Das Nagelstudio in der Peckham Park Road heisst «Sunshine». Doch die Sonne scheint in dieser Gegend von London längst nicht für alle. Besonders nicht für jene, die im Sozial-Laden einer wohltätigen Institution gegenüber einkaufen müssen. Es sind Menschen wie Liz, deren Einkommen nicht mehr mit den steigenden Preisen Schritt halten können.

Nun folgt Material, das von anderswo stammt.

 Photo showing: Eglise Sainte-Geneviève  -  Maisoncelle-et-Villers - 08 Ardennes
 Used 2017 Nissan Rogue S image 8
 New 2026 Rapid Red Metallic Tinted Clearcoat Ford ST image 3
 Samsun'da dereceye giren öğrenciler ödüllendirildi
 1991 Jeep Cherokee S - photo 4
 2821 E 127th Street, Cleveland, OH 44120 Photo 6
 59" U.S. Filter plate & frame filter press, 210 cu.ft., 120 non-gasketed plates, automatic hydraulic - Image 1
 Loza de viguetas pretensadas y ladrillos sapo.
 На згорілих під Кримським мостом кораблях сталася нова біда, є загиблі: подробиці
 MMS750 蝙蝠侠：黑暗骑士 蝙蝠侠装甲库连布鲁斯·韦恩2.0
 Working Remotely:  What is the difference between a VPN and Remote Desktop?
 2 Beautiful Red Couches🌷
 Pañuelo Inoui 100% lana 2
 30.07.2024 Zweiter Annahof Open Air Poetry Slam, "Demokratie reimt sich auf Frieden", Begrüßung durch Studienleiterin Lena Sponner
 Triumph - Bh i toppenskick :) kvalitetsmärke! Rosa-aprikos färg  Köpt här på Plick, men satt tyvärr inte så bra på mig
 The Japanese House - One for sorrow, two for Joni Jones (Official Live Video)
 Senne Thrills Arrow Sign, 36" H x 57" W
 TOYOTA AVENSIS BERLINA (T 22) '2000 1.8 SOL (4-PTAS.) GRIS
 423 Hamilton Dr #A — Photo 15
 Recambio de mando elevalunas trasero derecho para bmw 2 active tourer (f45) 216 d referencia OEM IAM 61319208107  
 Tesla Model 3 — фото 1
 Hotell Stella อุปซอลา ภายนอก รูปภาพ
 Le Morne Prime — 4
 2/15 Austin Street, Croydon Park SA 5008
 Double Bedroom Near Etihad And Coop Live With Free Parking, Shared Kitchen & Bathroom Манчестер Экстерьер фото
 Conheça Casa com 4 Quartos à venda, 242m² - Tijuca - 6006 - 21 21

«Die wachsenden Lebenskosten machen meinen Alltag enorm schwierig. Ich bin ständig am Rechnen, ob es für dies oder jenes reicht.» Liz ist eine jener zwei Millionen Personen in Grossbritannien, die gemäss dem jüngsten Sozialbericht der britischen Behörden an der Armutsgrenze leben und sich nur noch eine Mahlzeit pro Tag leisten können. Diese beziehen sie immer häufiger in sozialen Einrichtungen, wie hier an der Peckham Park Road.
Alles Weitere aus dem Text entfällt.